■ **Problem to solve**: From the line that includes "Hasegawa 1/200 Showa" to the last line of the records, inclusive, repeat each line exactly.

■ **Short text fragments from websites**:
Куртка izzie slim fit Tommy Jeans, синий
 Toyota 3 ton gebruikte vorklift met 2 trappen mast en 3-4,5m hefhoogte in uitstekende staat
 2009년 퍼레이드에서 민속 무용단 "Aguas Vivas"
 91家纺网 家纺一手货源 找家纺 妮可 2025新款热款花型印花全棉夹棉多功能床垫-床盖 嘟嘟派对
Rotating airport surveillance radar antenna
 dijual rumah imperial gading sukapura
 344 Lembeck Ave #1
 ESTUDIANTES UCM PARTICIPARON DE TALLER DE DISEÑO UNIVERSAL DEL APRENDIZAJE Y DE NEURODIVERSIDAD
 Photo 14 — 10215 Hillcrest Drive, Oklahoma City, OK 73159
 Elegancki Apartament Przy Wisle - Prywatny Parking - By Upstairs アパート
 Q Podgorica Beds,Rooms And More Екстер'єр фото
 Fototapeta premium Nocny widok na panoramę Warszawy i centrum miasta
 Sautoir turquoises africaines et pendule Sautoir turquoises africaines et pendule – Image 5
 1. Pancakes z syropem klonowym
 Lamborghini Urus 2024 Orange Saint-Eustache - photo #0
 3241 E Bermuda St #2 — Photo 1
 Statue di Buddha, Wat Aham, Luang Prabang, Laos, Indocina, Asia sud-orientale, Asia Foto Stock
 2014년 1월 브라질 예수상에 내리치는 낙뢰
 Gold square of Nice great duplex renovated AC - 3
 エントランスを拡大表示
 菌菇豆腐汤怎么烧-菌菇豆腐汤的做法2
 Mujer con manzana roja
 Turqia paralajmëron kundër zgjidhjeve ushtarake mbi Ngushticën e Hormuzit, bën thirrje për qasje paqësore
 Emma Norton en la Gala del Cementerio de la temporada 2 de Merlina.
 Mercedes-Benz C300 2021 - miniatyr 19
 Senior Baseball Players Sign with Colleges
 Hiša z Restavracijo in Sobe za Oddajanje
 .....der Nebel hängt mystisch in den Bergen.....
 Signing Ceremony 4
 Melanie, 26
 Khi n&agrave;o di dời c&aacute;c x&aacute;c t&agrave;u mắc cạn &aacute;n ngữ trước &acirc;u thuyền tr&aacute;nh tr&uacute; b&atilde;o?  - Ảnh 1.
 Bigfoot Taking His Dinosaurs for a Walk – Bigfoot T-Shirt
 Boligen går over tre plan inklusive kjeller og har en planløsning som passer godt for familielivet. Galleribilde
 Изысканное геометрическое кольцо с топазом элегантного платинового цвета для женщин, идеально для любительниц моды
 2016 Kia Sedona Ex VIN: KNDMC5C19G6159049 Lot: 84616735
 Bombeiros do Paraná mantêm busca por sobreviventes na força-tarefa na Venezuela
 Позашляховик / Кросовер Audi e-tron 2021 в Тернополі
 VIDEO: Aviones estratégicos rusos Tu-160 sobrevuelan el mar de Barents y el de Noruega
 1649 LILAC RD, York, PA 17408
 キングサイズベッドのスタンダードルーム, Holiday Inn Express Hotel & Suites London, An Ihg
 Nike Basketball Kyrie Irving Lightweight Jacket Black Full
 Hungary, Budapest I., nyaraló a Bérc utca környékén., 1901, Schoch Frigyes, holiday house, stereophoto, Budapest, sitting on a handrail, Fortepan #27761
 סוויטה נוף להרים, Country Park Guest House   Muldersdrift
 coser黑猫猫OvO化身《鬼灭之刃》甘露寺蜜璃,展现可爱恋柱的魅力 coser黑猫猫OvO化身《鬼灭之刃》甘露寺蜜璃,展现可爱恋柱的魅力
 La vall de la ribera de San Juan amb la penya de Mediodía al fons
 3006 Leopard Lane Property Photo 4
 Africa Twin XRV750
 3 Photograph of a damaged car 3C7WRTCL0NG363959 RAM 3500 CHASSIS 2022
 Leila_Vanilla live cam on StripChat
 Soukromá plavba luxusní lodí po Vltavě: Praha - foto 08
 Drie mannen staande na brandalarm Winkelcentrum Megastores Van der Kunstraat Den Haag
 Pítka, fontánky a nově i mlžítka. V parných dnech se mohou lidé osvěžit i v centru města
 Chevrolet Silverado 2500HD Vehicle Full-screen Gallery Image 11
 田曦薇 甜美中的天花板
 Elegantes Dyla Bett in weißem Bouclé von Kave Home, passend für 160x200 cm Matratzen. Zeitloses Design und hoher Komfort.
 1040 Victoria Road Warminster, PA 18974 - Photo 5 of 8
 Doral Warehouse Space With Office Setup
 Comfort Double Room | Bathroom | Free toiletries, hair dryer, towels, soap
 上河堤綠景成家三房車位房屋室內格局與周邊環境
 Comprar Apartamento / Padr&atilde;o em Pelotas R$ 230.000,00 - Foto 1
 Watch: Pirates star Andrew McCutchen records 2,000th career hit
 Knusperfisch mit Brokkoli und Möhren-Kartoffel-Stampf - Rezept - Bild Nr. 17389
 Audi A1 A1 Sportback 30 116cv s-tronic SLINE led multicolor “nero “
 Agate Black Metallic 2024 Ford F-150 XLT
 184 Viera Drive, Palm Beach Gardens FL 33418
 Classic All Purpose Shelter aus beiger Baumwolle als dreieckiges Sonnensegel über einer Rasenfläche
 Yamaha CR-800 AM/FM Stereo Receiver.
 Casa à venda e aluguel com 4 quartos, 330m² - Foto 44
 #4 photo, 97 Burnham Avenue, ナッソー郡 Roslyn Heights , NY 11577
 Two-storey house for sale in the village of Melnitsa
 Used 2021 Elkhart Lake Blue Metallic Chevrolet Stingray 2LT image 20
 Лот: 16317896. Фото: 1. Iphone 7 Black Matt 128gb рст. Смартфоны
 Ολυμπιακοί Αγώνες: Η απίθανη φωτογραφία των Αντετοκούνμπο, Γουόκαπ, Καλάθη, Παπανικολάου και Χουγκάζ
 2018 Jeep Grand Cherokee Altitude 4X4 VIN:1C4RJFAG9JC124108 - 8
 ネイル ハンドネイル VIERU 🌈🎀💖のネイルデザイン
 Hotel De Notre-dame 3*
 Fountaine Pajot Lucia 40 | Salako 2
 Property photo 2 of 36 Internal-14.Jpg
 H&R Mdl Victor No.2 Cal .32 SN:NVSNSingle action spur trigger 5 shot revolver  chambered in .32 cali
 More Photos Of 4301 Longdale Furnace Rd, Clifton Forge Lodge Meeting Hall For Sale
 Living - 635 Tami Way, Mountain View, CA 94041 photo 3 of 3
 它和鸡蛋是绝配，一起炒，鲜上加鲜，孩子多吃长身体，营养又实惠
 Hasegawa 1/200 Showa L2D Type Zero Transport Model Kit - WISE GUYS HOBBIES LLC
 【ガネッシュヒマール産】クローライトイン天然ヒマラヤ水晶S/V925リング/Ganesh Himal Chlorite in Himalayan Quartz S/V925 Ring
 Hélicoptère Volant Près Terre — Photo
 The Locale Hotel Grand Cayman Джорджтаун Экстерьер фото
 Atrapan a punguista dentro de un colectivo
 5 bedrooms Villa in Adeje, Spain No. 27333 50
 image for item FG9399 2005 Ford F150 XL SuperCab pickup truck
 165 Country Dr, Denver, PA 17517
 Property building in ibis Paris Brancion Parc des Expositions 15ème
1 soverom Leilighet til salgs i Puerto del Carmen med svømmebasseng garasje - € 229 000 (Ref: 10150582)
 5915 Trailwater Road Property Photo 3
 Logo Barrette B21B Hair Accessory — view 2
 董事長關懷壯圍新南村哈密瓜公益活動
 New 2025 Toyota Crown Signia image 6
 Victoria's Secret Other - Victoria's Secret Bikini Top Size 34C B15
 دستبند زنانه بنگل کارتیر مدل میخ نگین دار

■ **Result**:
 Hasegawa 1/200 Showa L2D Type Zero Transport Model Kit - WISE GUYS HOBBIES LLC
 【ガネッシュヒマール産】クローライトイン天然ヒマラヤ水晶S/V925リング/Ganesh Himal Chlorite in Himalayan Quartz S/V925 Ring
 Hélicoptère Volant Près Terre — Photo
 The Locale Hotel Grand Cayman Джорджтаун Экстерьер фото
 Atrapan a punguista dentro de un colectivo
 5 bedrooms Villa in Adeje, Spain No. 27333 50
 image for item FG9399 2005 Ford F150 XL SuperCab pickup truck
 165 Country Dr, Denver, PA 17517
 Property building in ibis Paris Brancion Parc des Expositions 15ème
1 soverom Leilighet til salgs i Puerto del Carmen med svømmebasseng garasje - € 229 000 (Ref: 10150582)
 5915 Trailwater Road Property Photo 3
 Logo Barrette B21B Hair Accessory — view 2
 董事長關懷壯圍新南村哈密瓜公益活動
 New 2025 Toyota Crown Signia image 6
 Victoria's Secret Other - Victoria's Secret Bikini Top Size 34C B15
 دستبند زنانه بنگل کارتیر مدل میخ نگین دار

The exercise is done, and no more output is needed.